Are we already in the middle of a cyber war? Or has warfare over the internet yet to happen? At first glance, the answer seems obvious: Attacks on computer systems in Estonia in 2007 or in Georgia in 2008 – during the war with Russia – led much of the German media to report that we had already reached the age of cyber war, introduced by Russia and leading to a collapse of the communications structure in both Eastern European countries.
This assessment was premature as profound investigations of the incidents could prove neither an authorship of a sovereign state nor serious harm as a consequence of the attacks. With regard to international law, essential requirements are missing to qualify the incidents as interstate war or armed conflict. It remains classified as a crime – and is punishable only if the affected countries have adjusted their penal codes to the challenges of internet crime.
The information scarcity
Nevertheless, the discussion about network-based attacks is of great importance, especially in light of the announced changes in the NATO strategy. The fact that possible incidents have been poorly documented until now does not mean that attacks within armed conflicts are technically impossible. Lack of knowledge must rather be ascribed to the confidentiality with which countries guard their network infrastructre.
Four important aspects deserve a closer look. The first question is whether the definition of war in the law of armed conflict is in need of a renewal. Cyber war does not have too much in common with the classical conflict scenarios that influenced the formulation of international law. Additionally, it is necessary to grapple with the impossibility of proving the source of an attack – and its implication for the right of self-defense. Compared to conventional warfare, it is often hard or impossible to trace the origin of a cyber war attack. According to some reports, computer systems from more than one hundred countries were involved in the attacks on Estonia. Until the possibility of retracing has improved, a certain degree of insecurity will remain and cast doubt on conventional arguments that justify a retaliatory strike.

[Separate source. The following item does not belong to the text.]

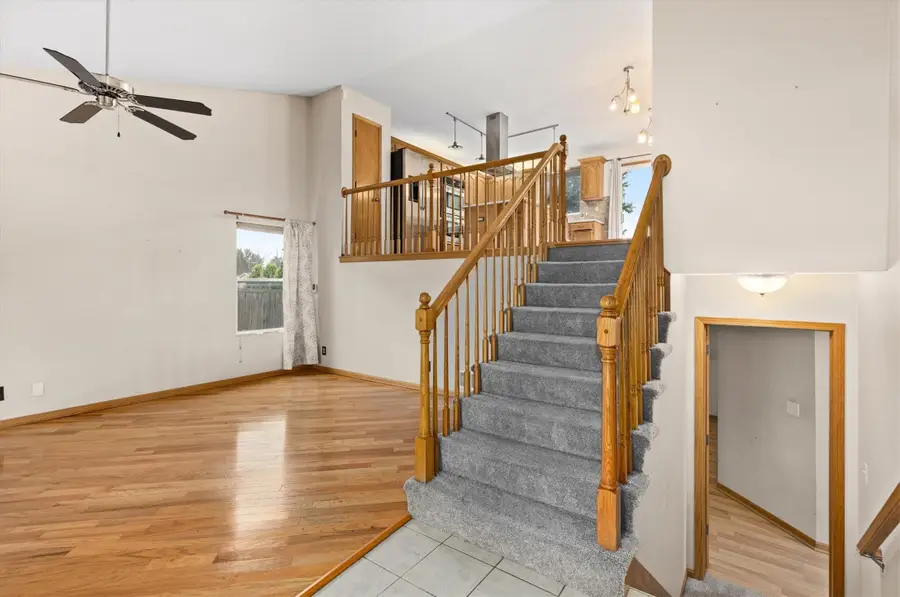 520 SE Westgate Drive, Waukee, IA 50263 - #3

Revaluating the scope of protection of international law
Additionally, we need to re-assess our dependence on critical infrastructure and the protection offered by international humanitarian law. Infrastructure can also imply the possibility of functioning food supplies or emergency aid. In conventional warfare, these are off limits to military planners and field commanders. Similar guidelines are required for internet-based warfare – for example, the maintenance of medical communications networks.
Finally, the technological development – and the possibilities of a military use of network technology that goes along with it – also influences the core area of peacekeeping. The world community needs to address the question of how the already dynamic structures of peacekeeping and de-escalation can be adjusted to the altered circumstances.